Answers below -- Try to solve NM Pandolfini's puzzles first!

Answer 1: White wins by 1. Nf6. Here the knight attacks the bishop and eyes both e8 and d5, which are transfer points to c7. If Black defends with 1...Bf7, White's a5-pawn grants a tempo, 2. a6, and mate can't be stopped. Black could then try 2...Bd5 (hoping for 3. Nxd5??, stalemate), but 3. Ne8 mates next move.

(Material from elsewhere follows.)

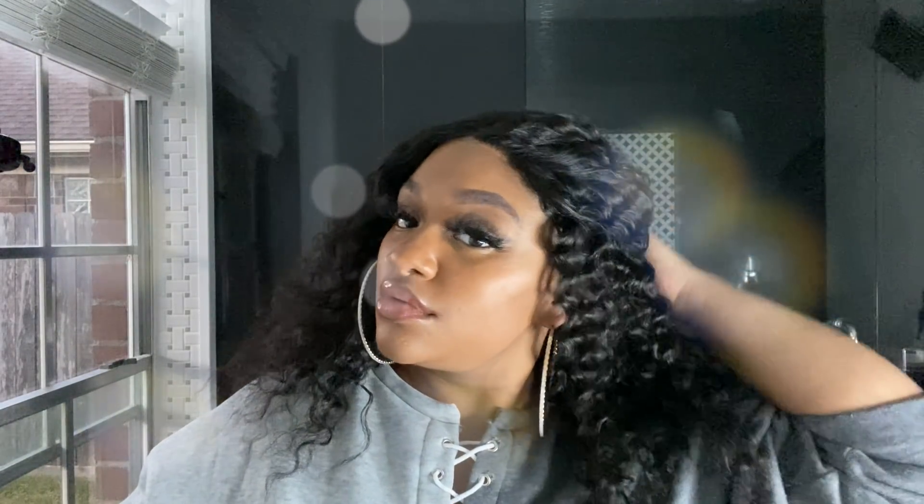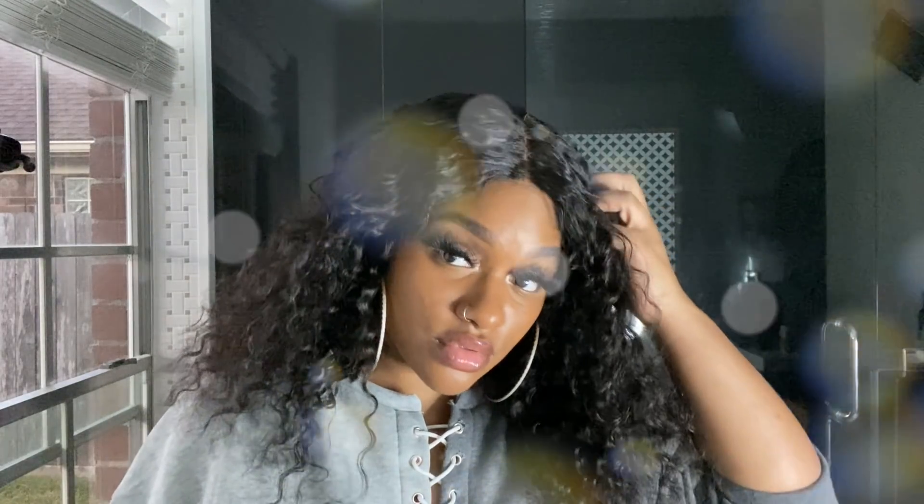I love it! It's more of a full, curly look and it's really, really, really cute. You guys be sure to check the link in the description box below so that you can grab your very own unit just like this one, and many, many more from Diva's Wigs Hair Company. I will see you guys in the next video!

Answer 2: White uses the extra tempo to bring about a forced mate. It happens with 1. h3 gxh4+  2. Kf4 g5+  3. Kf5 g4  4. hxg4 mate

Answer 3: The winning idea begins with 1. Kc5. If 1...Kb2, then 2. a5 Ka3 (if 2...Kxa2, then 3. Kb6 wins)  3. Kb5! Kxa2  (note how the extra a-pawn guards the important square b3) 4. Kb6. Also note that 1...Kb2  2. Kb6 Ka3  3. a5 is met by 3...Kb4, when 4. a3+ Ka4 holds.

Answer 4: The position is drawn, beginnning with 1. Kf6. After 1...g4  2. Kg6 g3 (if 2...Kg8, then 3. h7+ Kh8  4. Kg5 g3  5. Kg6 g2  6. Kh6, when promoting to a queen or rook is stalemate, and underpromoting to a bishop or knight gives insufficient mating material.

Answer 5: Black loses after 1. Ke8, since 1...Ke6  2. Kf8 Kf6  3. Kg8 Kg6  4. Kh8! forces Black to surrender a meaningful opposition. The extra pawn at h6 prevents Black from maintaining the direct opposition.

Take Note

To be sure, doubled isolated rook-pawns are usually very undesirable. But not always. Part of the problem stems from when we first learn about them. As young players, we're told over and over to avoid them, almost without exception.

That emphasis can be debilitating and counterproductive. It can lead to atrophy of the mind. Like practically everything else, such elements (doubled isolated rook-pawns) must be evaluated in specific context.

Certainly, chess requires a good deal of general thinking, but if we think too generally, we may wind up not thinking at all.